Pflegepolitik
Kontrolle ist gut – Vertrauen in den Berufsstand ist besser
Der Verband katholischer Altenhilfe in Deutschland (VKAD) hat eine Neuauflage seiner pflegepolitischen Positionierung präsentiert. Neben der Flexibilisierung von Sektorengrenzen fordert der Verband mehr Vertrauen in den Berufsstand Pflege.
„Die Langzeitpflege kämpft seit Jahren mit riesigen Herausforderungen. Daher verleihen wir unseren Forderungen mit dem Motto ,Pflege begeistert‘ ganz bewusst einen positiven Akzent“, erklärt die VKAD-Vorsitzende Barbara Dietrich-Schleicher. „Unsere Mitglieder, die Träger von Pflegeheimen, ambulanten Diensten und Pflegeschulen, haben zahlreiche Vorschläge für bessere Rahmenbedingungen in der Langzeitpflege. Mit ihrer Praxisperspektive möchten wir mit politischen Entscheider:innen und Akteur:innen der Pflegebranche über eine zukunftsfähige Pflege ins Gespräch kommen“, so Dietrich-Schleicher.
Konkret fordert der VKAD den längst überfälligen Schritt, die Grenzen zwischen der ambulanten, der teilstationären und der stationären Pflege zu flexibilisieren. Träger können dadurch bedarfsgerechte und innovative Versorgungsangebote weiterentwickeln. Für pflegebedürftige Menschen bedeutet dies, selbstbestimmter über ihre Lebensform im Alter entscheiden zu können.

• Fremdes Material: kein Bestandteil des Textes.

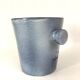 Champagne bucket Vallauris François Caleca 50-60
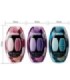 PRETTY LOVE - ATHENA EROS PACK 15 MASTURBADORES MASCULINOS VARIOS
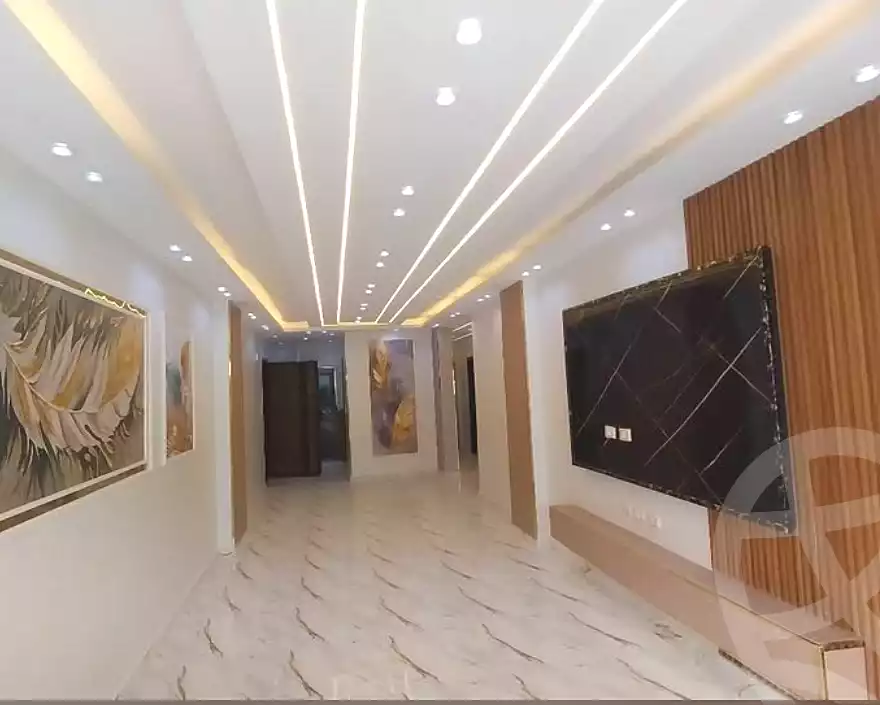 https://aqarmap.com.eg/en/listing/7046447-for-sale-cairo-faisal-el-tawabeq-el-mansheya-st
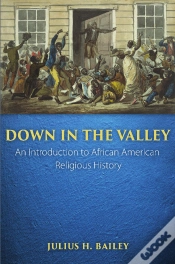 Capa do artigo Down In The Valley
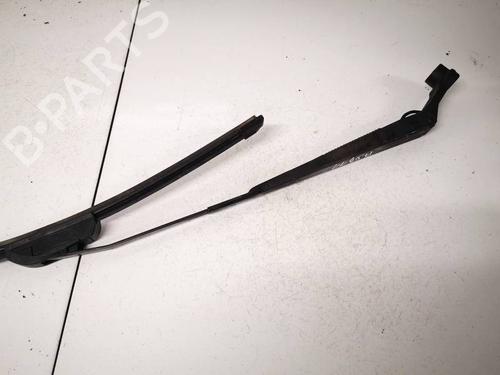 Used Front windshield wiper arm VW VENTO (1H2) 2.8 VR6 (174 hp) 32627891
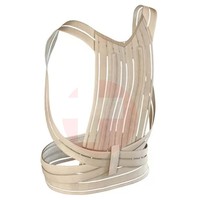 КОРРЕКТОР ОСАНКИ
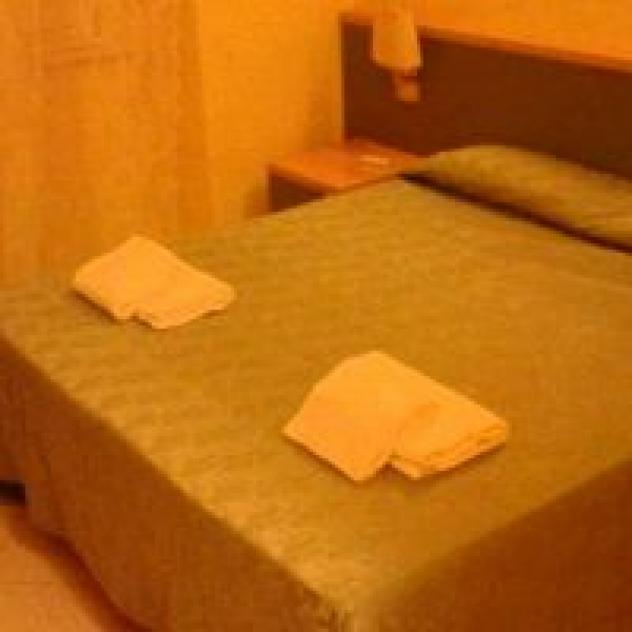 Hotel Castelfidardo S.r.l. - Foto 2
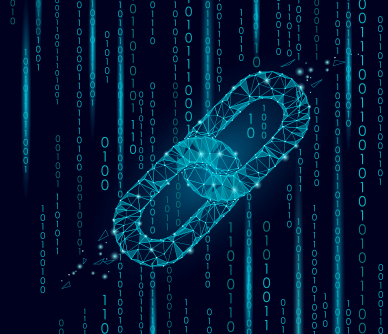 What is Blockchain Technology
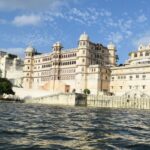 There are several offbeat places in Udaipur to explore, offering enchanting experiences.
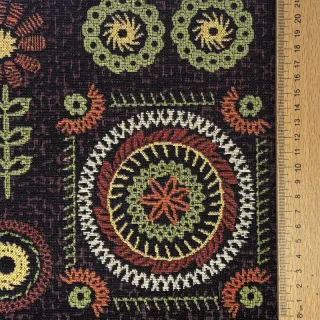 Dekorációs anyag GOBELIN PREMIUM Primal Stitch Patch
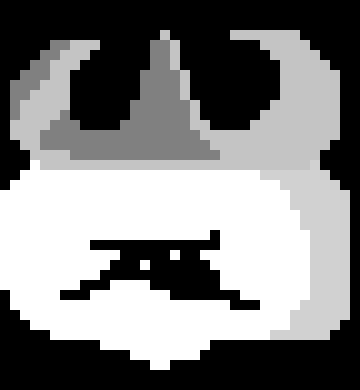 [8206a1] B-but you dissolved.  -Ace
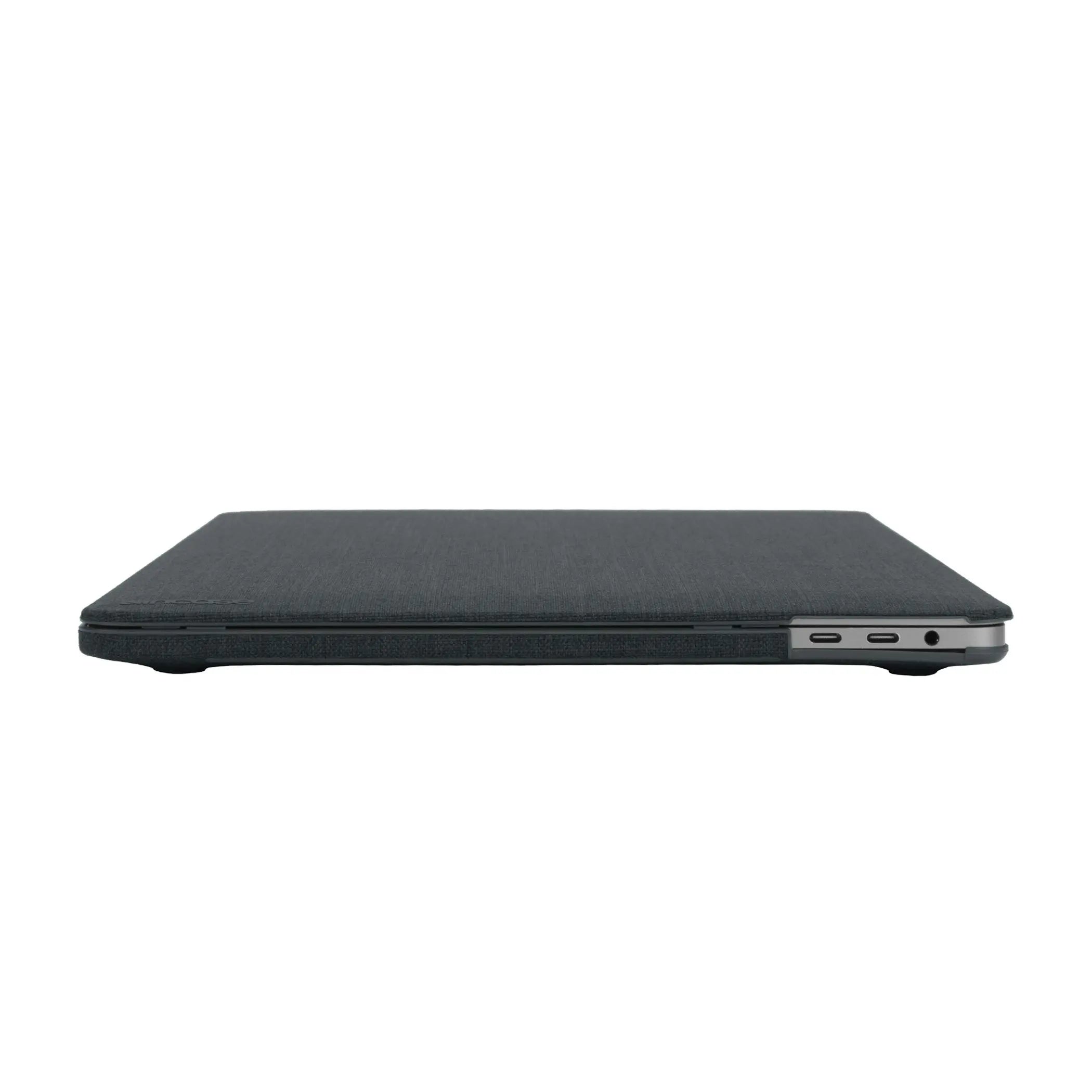 Textured Hardshell with Woolenex for MacBook Pro 13" (2016 - 2019) Incase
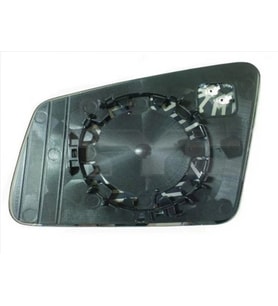 Mercedes 204 212 221 176 246 2009 2014 Ayna Camı Sol Rezıstanslı Çızgılı (Oem No:A2128101721)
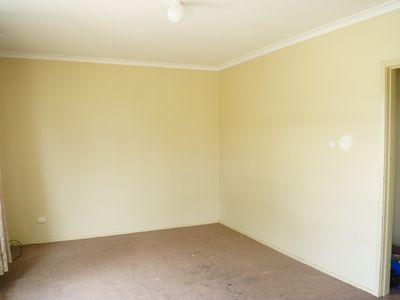 19 Crump Street, Horsham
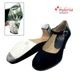 �ڸ��ʡۡҥ֥�ꥢ�����Хƥ��ӥץ�����ƥ����� / �֥�å���ð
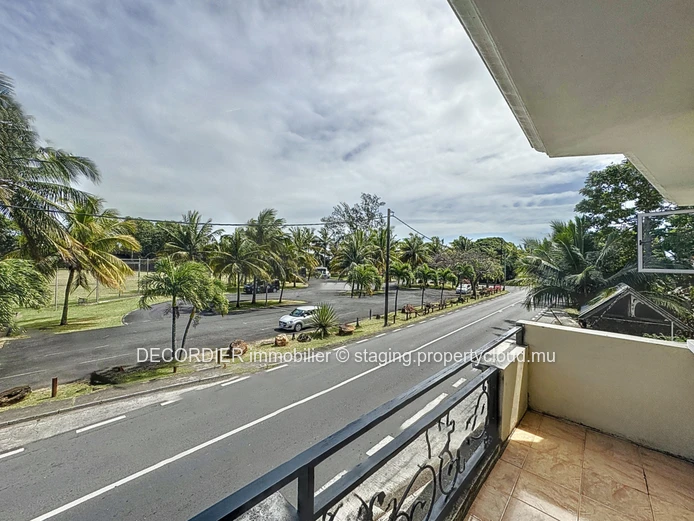 For Rent - Offices - Grand Baie (Sole Mandate)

Träger von Pflegeheimen und ambulanten Diensten, Mitarbeiter:innen sowie Pflegebedürftige und ihre sorgenden Angehörigen sind einer unüberschaubaren Bürokratie ausgesetzt. Die Beantragung von Leistungen, Bewertung der Leistungserbringer, Abrechnung der Leistungen: all das muss im Sinne aller Beteiligter einfacher und übersichtlicher geregelt werden.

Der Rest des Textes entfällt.